*** Opening INPUT DATA ***
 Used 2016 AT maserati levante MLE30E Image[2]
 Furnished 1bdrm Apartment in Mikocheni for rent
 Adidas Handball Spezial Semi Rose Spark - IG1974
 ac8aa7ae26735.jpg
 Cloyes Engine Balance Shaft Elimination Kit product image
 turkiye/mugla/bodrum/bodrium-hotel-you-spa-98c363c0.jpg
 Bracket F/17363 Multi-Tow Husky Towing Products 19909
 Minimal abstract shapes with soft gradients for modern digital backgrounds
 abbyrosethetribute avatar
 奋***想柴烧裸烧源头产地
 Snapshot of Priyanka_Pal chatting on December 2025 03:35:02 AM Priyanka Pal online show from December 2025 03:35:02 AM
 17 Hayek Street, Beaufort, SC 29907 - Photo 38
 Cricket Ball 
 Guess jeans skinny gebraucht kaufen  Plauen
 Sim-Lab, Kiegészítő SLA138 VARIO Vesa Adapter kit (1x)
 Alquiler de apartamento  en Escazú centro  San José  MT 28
*** Closing INPUT DATA ***
The response must reproduce the whole listing exactly.

 Used 2016 AT maserati levante MLE30E Image[2]
 Furnished 1bdrm Apartment in Mikocheni for rent
 Adidas Handball Spezial Semi Rose Spark - IG1974
 ac8aa7ae26735.jpg
 Cloyes Engine Balance Shaft Elimination Kit product image
 turkiye/mugla/bodrum/bodrium-hotel-you-spa-98c363c0.jpg
 Bracket F/17363 Multi-Tow Husky Towing Products 19909
 Minimal abstract shapes with soft gradients for modern digital backgrounds
 abbyrosethetribute avatar
 奋***想柴烧裸烧源头产地
 Snapshot of Priyanka_Pal chatting on December 2025 03:35:02 AM Priyanka Pal online show from December 2025 03:35:02 AM
 17 Hayek Street, Beaufort, SC 29907 - Photo 38
 Cricket Ball 
 Guess jeans skinny gebraucht kaufen  Plauen
 Sim-Lab, Kiegészítő SLA138 VARIO Vesa Adapter kit (1x)
 Alquiler de apartamento  en Escazú centro  San José  MT 28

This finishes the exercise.